That’s my honeysuckle in the last ice storm. In the meantime, the San Antonio symphony at the new Tobin center, more cold weather, a lot of reading, a lot of internet searching for good book blogs and singing. Riding this Wednesday, some of us going up to the Mill Creek area. Read Howey’s Sand which was good except for the prostitute mother, which I found not a believable plot device, and am also reading The Black Sheep, a history of the Marine fighter squadron in the Solomon Islands, WW2, led by Pappy Boyington.

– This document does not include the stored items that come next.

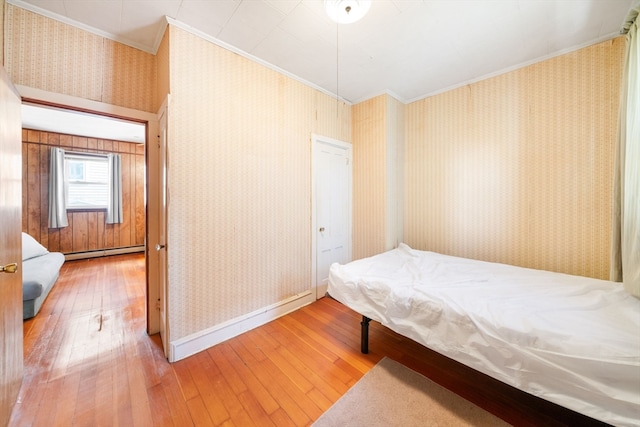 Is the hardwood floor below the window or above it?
below

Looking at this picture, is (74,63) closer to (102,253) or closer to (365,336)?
(365,336)

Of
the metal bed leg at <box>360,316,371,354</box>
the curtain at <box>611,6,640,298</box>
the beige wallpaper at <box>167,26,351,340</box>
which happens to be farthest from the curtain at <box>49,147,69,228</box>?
the curtain at <box>611,6,640,298</box>

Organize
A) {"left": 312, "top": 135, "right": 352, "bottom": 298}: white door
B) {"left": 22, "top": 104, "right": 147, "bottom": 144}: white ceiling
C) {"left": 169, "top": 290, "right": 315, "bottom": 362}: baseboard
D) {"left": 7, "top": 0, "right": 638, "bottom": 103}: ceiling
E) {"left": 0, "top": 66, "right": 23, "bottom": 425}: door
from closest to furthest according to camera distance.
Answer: {"left": 0, "top": 66, "right": 23, "bottom": 425}: door, {"left": 7, "top": 0, "right": 638, "bottom": 103}: ceiling, {"left": 169, "top": 290, "right": 315, "bottom": 362}: baseboard, {"left": 312, "top": 135, "right": 352, "bottom": 298}: white door, {"left": 22, "top": 104, "right": 147, "bottom": 144}: white ceiling

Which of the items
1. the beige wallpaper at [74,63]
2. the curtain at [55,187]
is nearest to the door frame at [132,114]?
the beige wallpaper at [74,63]

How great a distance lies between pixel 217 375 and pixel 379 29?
3132 mm

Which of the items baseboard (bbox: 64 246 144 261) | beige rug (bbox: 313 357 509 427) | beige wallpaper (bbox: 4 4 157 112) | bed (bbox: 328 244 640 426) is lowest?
beige rug (bbox: 313 357 509 427)

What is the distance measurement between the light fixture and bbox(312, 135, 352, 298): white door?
53.8 inches

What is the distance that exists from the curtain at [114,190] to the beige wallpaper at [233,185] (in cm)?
481

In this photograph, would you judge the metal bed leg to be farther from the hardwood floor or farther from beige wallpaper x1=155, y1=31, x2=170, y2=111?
beige wallpaper x1=155, y1=31, x2=170, y2=111

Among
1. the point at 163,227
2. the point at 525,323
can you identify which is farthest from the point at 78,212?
the point at 525,323

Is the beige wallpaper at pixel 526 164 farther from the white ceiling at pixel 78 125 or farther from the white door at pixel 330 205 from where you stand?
the white ceiling at pixel 78 125

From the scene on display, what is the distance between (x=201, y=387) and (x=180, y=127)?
2.03 m

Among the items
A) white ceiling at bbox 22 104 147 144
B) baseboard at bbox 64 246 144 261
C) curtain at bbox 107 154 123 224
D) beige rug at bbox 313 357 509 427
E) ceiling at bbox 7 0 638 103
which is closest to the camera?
beige rug at bbox 313 357 509 427

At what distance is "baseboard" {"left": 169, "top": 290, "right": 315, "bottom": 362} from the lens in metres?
1.93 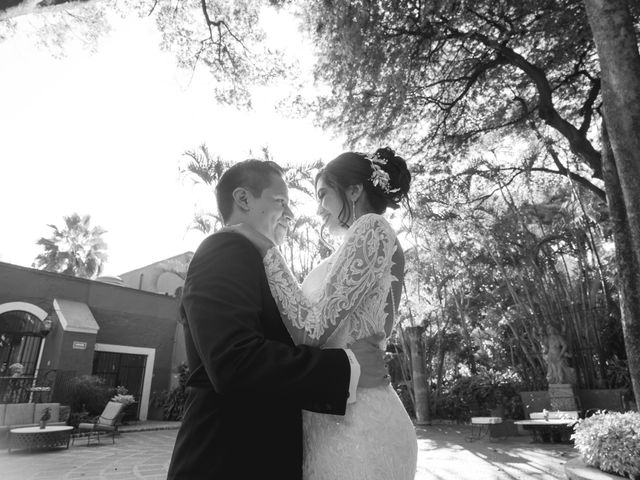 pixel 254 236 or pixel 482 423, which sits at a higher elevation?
pixel 254 236

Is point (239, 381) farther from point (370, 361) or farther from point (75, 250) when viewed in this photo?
point (75, 250)

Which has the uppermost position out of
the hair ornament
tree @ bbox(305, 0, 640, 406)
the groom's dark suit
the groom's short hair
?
tree @ bbox(305, 0, 640, 406)

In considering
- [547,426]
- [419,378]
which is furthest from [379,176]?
[419,378]

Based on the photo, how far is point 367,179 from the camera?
195cm

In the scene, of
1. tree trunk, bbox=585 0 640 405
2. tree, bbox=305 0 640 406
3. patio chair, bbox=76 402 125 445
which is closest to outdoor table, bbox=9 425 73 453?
patio chair, bbox=76 402 125 445

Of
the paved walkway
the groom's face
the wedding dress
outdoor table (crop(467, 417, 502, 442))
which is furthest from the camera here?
outdoor table (crop(467, 417, 502, 442))

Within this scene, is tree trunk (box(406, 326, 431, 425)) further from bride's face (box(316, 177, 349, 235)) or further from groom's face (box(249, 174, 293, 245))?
groom's face (box(249, 174, 293, 245))

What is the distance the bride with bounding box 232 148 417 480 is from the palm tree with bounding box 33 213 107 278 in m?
Result: 26.6

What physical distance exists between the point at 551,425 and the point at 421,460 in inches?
137

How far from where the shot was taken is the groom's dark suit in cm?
109

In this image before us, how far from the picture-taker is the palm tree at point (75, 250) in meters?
24.0

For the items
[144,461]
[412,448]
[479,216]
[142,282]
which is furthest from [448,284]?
[142,282]

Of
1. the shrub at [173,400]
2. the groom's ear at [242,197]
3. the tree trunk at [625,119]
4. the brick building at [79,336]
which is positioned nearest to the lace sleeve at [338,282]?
the groom's ear at [242,197]

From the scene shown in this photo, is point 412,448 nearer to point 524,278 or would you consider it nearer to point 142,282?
point 524,278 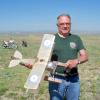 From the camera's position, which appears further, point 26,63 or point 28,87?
point 26,63

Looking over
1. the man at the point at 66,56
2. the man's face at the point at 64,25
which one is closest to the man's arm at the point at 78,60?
the man at the point at 66,56

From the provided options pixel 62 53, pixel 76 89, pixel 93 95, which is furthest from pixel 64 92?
pixel 93 95

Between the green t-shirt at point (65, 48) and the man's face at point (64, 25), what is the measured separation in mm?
109

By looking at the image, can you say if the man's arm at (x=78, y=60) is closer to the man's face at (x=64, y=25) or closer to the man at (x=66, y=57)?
the man at (x=66, y=57)

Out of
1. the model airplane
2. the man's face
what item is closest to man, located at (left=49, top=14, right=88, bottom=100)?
the man's face

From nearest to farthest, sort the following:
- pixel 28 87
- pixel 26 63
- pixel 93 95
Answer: pixel 28 87
pixel 26 63
pixel 93 95

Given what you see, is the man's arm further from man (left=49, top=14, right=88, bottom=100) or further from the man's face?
the man's face

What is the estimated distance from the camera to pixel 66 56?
5391 mm

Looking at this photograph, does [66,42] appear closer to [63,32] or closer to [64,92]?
[63,32]

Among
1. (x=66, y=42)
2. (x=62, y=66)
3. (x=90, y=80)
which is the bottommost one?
(x=90, y=80)

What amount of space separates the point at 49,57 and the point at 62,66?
28cm

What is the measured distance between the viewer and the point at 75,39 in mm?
5473

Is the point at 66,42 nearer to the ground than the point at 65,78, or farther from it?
farther from it

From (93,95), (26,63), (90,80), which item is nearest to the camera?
(26,63) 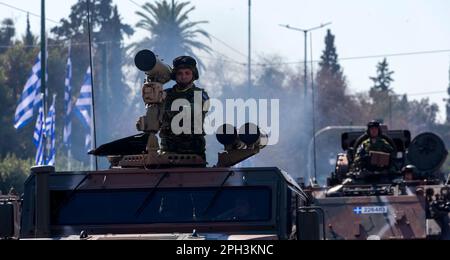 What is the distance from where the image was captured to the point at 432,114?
12794cm

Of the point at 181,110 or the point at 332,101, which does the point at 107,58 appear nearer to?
the point at 332,101

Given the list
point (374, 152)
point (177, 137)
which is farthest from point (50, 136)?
point (177, 137)

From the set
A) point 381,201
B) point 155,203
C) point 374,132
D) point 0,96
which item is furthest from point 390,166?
point 0,96

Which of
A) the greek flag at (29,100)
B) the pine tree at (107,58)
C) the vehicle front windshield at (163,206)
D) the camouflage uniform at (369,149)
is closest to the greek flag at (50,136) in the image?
the greek flag at (29,100)

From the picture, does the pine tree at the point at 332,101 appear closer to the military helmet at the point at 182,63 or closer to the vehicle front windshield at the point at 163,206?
the military helmet at the point at 182,63

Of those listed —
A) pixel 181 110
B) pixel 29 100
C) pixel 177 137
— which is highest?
pixel 29 100

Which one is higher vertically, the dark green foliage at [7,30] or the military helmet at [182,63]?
the dark green foliage at [7,30]

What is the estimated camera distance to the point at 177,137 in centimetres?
1272

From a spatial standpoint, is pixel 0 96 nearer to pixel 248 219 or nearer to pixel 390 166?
pixel 390 166

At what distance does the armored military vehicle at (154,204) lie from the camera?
11227 mm

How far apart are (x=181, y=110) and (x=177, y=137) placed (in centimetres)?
27

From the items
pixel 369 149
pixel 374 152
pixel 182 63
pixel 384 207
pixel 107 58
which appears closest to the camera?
pixel 182 63

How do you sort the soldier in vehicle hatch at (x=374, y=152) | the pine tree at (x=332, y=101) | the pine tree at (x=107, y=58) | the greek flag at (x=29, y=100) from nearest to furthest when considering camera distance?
the soldier in vehicle hatch at (x=374, y=152), the greek flag at (x=29, y=100), the pine tree at (x=107, y=58), the pine tree at (x=332, y=101) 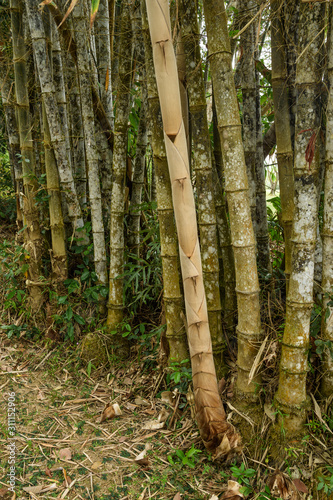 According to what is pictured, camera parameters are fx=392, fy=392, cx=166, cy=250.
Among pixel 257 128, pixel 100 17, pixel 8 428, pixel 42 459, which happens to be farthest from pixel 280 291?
pixel 100 17

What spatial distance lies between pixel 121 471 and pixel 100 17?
3.01 m

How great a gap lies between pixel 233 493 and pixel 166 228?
50.8 inches

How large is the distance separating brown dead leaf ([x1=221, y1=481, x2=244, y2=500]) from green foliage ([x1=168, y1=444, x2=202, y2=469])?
19 centimetres

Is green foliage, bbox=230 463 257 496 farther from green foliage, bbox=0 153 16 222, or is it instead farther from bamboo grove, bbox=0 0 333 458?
green foliage, bbox=0 153 16 222

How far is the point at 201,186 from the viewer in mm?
2057

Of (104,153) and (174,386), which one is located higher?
(104,153)

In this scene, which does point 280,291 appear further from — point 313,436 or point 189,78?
point 189,78

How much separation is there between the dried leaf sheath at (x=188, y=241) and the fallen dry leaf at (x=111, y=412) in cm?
57

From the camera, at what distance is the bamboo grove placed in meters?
1.70

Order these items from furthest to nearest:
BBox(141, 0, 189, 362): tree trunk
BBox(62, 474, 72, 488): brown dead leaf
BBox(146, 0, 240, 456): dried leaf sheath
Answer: BBox(141, 0, 189, 362): tree trunk, BBox(62, 474, 72, 488): brown dead leaf, BBox(146, 0, 240, 456): dried leaf sheath

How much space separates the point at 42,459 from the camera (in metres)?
1.94

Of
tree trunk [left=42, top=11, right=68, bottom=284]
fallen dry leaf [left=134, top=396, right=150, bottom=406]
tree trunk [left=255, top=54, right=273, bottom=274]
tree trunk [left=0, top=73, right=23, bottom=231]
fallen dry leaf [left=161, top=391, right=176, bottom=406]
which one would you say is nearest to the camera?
fallen dry leaf [left=161, top=391, right=176, bottom=406]

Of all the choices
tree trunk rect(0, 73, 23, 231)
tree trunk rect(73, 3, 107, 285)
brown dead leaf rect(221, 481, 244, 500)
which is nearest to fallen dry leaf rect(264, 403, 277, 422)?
brown dead leaf rect(221, 481, 244, 500)

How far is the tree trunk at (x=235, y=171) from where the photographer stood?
1793 mm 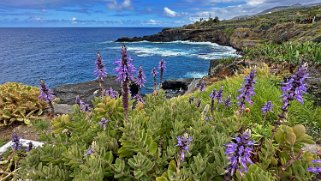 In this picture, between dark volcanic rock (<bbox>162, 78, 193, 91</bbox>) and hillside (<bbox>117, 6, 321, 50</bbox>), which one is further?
hillside (<bbox>117, 6, 321, 50</bbox>)

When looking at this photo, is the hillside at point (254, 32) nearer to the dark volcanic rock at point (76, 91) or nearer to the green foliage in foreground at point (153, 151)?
the dark volcanic rock at point (76, 91)

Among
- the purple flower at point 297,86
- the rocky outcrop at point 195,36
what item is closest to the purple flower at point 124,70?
the purple flower at point 297,86

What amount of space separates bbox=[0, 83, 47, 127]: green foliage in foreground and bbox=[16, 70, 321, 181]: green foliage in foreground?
769 cm

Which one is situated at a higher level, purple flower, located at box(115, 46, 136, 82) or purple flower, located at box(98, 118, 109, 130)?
purple flower, located at box(115, 46, 136, 82)

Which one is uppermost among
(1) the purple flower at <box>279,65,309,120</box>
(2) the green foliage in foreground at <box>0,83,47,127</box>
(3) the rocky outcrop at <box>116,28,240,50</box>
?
(1) the purple flower at <box>279,65,309,120</box>

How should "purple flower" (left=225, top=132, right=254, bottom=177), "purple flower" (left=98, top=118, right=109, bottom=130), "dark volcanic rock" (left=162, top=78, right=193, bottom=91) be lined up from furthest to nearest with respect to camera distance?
"dark volcanic rock" (left=162, top=78, right=193, bottom=91) < "purple flower" (left=98, top=118, right=109, bottom=130) < "purple flower" (left=225, top=132, right=254, bottom=177)

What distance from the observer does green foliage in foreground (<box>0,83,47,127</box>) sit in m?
10.4

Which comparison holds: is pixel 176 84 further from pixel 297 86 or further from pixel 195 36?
pixel 195 36

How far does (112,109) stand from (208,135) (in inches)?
50.2

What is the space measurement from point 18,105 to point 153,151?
32.2ft

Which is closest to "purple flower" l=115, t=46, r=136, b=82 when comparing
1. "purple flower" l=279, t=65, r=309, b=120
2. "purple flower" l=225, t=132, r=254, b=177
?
"purple flower" l=225, t=132, r=254, b=177

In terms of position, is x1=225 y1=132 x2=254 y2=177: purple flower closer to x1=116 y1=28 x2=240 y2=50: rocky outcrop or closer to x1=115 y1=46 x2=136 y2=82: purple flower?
x1=115 y1=46 x2=136 y2=82: purple flower

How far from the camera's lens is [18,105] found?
10922mm

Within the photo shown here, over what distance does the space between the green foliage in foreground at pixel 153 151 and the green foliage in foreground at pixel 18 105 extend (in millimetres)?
7689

Could any of us ever live through anything like that again, and still keep fighting? This question comes up when reading any WW2 history. They just seem like a different subspecies of homo sapiens sapiens. Their photographs look different; they were thinner and they looked back at the camera lens in a different way. They knew more. Their clothes were stronger cloth and thicker. Their hair was different.
Greg ‘Pappy’ Boyington was stopped by his flight controller one morning as he scrambled out of his tent for a dawn patrol. Boyington was running across the coral-based airstrip on one of the Solomons. His flight controller pointed out he didn’t have any shoes on. Boyington said, ‘I can fly an airplane with no shoes’. (He was hungover, badly) and the flight controller said. ‘Yes, but you’ll need them if you go down’.